Parents who divorce when their child is a toddler often think that they really aren’t going to be impacted very much by the change in their family. However, just because they can’t express their thoughts and worries as effectively as older kids can, that doesn’t mean they don’t notice all the changes.
A toddler’s world is still fairly limited, so they will notice that their parents aren’t together with them as much, that they’re spending time alone with one parent in a new home and that maybe a grandparent or someone else they know is taking care of them more. All of these things are big changes for them.
Explaining divorce to a toddler
Don’t assume that you don’t need to have “the talk” with your toddler about what’s going on.
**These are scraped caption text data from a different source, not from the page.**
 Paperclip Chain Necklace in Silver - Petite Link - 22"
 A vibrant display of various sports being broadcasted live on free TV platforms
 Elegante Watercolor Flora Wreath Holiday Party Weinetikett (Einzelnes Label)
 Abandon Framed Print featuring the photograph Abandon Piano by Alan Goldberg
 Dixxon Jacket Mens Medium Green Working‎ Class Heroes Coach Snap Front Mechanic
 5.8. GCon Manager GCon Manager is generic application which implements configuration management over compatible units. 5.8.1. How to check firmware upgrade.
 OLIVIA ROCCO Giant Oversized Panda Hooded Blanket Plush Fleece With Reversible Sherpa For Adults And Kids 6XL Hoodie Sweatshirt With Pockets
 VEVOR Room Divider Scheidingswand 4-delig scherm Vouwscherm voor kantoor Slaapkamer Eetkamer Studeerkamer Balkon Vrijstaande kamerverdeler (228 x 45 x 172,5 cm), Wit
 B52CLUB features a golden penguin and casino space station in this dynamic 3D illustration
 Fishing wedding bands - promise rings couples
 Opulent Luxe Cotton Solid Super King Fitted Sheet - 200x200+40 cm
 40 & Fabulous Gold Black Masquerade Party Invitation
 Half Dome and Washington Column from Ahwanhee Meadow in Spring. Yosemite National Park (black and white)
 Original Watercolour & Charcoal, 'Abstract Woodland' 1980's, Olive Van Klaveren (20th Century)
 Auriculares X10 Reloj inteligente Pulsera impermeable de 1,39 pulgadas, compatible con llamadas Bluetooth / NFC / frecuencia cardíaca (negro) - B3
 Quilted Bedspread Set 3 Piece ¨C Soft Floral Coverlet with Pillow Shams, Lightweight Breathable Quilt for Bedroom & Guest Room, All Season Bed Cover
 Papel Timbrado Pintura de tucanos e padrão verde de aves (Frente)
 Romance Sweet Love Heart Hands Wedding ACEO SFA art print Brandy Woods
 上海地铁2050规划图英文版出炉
You just need to explain things with words and ideas they understand. They just need to know that the two of you won’t be living together any longer, but you will still both be taking care of them (assuming that’s the case) and that you both love them and will continue to be their parents. It’s also wise to reassure them that this has nothing to do with them or anything they did.
There are plenty of books for toddlers about divorce that can help you and that you can read to your child. It’s important to let them ask questions whenever they want and that you’re giving them consistent answers.
A consistent routine is crucial
Speaking of consistency, routine is very important for toddlers. Regardless of how you’re sharing custody, it’s crucial to keep naptime, playtime, meals and bedtimes the same across both of your homes. Inconsistent routines can cause big behavior issues. While you should both have a room made up for your child, they may want to carry some favorite toys, dolls or games back and forth.
The custody agreement and parenting plan you have for your toddler will likely need to be modified multiple times as your child gets older. For now, it’s important to focus on developing one that helps you co-parent successfully through this crucial stage of your child’s life.